Data —
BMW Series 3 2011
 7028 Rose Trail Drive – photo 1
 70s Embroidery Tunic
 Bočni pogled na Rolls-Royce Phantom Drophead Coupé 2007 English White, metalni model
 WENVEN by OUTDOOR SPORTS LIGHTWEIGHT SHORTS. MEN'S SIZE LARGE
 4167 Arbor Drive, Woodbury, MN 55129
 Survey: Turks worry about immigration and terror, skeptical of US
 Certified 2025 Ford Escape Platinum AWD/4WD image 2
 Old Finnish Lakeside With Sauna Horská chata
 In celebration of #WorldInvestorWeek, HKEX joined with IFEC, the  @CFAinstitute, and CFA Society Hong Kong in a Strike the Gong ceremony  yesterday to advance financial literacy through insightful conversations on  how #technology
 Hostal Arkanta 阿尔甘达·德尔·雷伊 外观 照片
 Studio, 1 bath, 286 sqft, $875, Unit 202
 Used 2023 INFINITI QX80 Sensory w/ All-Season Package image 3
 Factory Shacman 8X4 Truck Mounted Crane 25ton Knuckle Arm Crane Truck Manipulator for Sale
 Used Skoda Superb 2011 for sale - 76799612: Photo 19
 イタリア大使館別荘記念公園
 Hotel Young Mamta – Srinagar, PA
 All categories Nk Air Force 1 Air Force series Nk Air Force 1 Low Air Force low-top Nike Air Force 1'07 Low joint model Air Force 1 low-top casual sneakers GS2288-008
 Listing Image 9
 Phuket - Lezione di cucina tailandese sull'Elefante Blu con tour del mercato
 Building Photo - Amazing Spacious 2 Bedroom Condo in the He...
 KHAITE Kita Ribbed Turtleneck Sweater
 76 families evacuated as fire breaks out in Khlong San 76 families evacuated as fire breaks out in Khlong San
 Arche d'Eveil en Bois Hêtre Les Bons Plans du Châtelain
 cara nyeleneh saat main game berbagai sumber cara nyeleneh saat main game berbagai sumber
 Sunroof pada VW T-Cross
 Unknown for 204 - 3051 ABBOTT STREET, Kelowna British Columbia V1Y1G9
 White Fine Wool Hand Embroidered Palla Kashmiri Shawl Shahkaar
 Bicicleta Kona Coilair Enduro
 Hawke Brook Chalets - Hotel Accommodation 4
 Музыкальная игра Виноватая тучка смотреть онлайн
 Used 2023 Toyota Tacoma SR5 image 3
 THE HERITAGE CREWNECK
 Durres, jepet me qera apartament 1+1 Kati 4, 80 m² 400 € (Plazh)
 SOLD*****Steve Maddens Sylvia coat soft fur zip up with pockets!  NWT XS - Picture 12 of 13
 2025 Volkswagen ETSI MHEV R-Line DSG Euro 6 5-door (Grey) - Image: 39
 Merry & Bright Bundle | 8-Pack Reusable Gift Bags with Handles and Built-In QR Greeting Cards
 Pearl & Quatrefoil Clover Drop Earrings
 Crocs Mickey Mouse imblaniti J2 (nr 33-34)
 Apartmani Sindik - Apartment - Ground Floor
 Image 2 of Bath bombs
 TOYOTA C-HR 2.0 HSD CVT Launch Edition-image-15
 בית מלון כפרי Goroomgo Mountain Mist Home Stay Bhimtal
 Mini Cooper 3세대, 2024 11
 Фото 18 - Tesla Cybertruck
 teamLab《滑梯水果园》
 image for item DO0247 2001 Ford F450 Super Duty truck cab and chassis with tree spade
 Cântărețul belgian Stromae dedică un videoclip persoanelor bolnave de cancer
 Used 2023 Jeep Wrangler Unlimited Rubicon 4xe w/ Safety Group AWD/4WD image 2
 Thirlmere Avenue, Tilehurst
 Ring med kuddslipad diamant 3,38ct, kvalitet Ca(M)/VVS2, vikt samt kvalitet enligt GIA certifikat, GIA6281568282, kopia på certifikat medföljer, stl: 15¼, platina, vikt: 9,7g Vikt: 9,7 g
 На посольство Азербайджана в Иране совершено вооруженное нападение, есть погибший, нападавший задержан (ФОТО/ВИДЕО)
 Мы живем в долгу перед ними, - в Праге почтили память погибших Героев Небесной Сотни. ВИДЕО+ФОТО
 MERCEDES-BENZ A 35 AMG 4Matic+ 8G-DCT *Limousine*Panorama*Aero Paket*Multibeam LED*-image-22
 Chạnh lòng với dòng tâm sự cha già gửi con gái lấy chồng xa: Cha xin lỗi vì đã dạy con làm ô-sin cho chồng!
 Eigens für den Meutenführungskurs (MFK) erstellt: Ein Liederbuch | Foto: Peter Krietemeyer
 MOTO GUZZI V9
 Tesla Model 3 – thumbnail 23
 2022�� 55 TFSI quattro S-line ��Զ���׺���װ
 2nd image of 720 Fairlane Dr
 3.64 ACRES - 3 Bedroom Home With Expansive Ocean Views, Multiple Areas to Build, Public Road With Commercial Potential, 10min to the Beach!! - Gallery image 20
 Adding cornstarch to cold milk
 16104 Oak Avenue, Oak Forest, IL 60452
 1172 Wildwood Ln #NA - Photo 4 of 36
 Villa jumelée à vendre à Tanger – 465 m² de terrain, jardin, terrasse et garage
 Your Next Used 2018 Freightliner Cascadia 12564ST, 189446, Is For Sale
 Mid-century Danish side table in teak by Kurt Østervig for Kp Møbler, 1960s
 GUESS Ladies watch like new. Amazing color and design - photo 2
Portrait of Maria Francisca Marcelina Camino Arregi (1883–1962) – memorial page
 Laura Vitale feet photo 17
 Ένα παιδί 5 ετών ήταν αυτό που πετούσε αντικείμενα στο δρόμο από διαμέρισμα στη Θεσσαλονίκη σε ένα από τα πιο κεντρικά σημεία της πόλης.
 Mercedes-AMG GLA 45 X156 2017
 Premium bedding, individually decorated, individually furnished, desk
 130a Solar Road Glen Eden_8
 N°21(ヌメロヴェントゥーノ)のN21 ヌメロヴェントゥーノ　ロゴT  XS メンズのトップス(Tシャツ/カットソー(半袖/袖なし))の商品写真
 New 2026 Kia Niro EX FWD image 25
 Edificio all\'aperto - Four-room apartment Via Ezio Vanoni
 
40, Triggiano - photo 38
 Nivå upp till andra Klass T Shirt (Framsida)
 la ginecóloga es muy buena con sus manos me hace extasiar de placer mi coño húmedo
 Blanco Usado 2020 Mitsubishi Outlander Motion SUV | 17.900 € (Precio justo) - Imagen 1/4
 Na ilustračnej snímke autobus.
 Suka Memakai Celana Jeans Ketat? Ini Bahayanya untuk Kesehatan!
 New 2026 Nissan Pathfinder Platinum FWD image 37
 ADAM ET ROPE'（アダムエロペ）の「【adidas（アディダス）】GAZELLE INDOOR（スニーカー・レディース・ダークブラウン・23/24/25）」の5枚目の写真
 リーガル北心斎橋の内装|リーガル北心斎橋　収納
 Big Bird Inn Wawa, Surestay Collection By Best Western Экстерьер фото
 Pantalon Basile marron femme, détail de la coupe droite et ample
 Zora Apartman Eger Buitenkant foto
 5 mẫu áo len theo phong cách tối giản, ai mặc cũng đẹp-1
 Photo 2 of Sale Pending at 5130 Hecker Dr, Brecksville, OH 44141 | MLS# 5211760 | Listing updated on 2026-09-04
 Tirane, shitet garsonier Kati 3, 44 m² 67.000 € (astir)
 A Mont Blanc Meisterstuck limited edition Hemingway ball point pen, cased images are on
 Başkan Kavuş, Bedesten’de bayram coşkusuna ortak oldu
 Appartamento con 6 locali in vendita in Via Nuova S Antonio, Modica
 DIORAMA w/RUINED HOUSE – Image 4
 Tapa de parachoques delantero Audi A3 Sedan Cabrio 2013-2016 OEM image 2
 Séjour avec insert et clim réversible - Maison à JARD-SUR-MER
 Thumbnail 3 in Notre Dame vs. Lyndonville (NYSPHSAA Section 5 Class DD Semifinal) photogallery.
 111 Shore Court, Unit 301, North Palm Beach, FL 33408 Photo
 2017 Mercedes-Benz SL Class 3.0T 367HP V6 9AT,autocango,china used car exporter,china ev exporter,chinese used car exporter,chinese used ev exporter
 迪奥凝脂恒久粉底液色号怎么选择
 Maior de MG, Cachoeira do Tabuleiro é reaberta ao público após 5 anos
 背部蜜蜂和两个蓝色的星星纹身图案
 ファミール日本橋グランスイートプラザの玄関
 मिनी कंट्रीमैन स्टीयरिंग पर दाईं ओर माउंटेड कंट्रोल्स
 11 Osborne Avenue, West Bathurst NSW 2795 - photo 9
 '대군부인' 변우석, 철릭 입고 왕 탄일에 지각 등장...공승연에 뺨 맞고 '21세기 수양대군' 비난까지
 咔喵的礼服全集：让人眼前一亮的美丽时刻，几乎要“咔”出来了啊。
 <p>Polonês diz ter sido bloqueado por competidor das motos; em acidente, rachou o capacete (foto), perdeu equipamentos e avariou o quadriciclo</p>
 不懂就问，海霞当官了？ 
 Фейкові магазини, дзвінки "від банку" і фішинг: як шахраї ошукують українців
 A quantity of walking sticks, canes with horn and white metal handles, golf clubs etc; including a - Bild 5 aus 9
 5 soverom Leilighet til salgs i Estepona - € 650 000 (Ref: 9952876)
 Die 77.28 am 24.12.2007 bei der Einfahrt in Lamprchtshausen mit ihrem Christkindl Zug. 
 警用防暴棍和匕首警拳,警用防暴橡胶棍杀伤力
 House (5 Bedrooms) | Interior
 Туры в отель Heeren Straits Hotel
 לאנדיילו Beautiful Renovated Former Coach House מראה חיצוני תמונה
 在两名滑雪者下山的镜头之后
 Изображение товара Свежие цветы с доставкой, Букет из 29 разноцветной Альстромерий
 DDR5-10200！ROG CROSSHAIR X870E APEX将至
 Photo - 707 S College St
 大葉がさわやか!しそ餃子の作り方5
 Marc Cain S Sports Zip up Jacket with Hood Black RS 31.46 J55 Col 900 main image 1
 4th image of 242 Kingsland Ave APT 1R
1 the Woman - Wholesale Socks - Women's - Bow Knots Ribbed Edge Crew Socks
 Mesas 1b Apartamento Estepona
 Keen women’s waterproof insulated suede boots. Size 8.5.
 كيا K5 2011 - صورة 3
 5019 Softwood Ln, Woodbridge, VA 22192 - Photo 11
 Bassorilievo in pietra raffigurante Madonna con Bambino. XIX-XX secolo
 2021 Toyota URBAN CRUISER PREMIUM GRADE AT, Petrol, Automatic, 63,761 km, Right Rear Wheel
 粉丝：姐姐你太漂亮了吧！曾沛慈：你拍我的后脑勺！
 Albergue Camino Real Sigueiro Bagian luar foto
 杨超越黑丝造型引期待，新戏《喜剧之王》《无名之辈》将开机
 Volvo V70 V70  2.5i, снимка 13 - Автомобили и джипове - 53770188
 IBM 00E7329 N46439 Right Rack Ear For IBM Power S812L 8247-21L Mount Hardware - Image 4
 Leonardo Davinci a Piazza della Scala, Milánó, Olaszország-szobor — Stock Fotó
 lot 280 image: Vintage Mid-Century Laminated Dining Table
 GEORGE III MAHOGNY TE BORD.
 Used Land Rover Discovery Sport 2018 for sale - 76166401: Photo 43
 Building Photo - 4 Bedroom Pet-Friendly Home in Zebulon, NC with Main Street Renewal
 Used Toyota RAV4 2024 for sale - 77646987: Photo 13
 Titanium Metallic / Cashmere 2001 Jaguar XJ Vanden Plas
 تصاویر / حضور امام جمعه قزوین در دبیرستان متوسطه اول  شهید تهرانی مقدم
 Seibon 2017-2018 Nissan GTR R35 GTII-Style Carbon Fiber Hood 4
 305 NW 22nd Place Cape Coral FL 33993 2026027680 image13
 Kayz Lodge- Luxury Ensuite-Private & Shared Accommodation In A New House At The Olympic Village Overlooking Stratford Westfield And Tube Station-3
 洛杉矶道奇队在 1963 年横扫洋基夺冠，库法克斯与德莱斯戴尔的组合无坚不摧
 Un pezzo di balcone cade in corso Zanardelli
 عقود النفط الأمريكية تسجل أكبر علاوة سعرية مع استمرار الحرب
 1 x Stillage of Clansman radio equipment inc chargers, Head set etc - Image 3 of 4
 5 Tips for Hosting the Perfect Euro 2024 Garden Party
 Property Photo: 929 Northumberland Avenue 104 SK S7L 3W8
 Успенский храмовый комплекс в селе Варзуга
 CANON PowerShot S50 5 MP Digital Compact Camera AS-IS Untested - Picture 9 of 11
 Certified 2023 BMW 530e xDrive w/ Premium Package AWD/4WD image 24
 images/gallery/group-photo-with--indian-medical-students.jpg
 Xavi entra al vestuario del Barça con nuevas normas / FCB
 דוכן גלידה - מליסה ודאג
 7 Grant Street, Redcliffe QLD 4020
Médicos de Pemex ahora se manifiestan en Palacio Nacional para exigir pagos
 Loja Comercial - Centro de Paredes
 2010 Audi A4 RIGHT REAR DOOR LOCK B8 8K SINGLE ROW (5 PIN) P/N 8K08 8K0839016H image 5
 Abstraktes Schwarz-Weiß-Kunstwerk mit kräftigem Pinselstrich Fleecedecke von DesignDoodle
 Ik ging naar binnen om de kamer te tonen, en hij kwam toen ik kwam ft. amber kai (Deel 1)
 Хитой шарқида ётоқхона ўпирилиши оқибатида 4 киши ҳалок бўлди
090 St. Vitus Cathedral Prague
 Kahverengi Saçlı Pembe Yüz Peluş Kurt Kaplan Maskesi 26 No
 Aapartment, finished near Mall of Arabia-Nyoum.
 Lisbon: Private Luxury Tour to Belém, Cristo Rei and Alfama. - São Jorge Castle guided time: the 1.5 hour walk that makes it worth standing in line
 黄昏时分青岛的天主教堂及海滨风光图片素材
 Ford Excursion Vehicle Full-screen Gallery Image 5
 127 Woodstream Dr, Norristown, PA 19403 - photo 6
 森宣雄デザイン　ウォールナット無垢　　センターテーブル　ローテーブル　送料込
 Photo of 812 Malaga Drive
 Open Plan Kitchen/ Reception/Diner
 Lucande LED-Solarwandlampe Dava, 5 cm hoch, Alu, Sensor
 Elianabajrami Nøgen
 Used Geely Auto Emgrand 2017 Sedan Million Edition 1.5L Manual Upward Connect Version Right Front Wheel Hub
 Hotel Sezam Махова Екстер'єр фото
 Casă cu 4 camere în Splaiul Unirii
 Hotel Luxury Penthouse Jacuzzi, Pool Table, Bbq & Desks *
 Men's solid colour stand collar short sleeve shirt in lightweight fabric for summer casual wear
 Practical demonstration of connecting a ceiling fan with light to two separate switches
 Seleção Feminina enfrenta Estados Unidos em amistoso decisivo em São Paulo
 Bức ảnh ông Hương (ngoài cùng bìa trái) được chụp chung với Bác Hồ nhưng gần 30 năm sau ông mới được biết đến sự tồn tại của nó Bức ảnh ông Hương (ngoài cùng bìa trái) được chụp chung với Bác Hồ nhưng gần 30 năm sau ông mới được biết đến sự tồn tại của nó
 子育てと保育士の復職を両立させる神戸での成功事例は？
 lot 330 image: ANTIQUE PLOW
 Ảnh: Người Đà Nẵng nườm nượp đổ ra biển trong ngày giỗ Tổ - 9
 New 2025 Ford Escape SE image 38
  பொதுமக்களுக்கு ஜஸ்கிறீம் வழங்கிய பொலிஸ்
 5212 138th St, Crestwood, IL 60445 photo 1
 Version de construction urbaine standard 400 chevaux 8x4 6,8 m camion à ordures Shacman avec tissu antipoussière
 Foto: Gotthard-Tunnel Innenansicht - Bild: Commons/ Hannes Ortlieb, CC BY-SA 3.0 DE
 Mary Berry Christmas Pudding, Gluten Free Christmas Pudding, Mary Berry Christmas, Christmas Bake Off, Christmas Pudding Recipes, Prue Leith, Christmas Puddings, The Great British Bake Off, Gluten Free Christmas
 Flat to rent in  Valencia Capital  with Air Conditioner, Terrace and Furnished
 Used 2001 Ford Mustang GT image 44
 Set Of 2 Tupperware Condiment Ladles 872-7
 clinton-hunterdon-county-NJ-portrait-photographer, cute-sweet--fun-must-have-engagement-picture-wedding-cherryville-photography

Task brief —
Retype exactly the lines from the first line of the records above through the line containing "4167 Arbor Drive, Woodbury, MN 55129", both included, and nothing else.

Solution —
BMW Series 3 2011
 7028 Rose Trail Drive – photo 1
 70s Embroidery Tunic
 Bočni pogled na Rolls-Royce Phantom Drophead Coupé 2007 English White, metalni model
 WENVEN by OUTDOOR SPORTS LIGHTWEIGHT SHORTS. MEN'S SIZE LARGE
 4167 Arbor Drive, Woodbury, MN 55129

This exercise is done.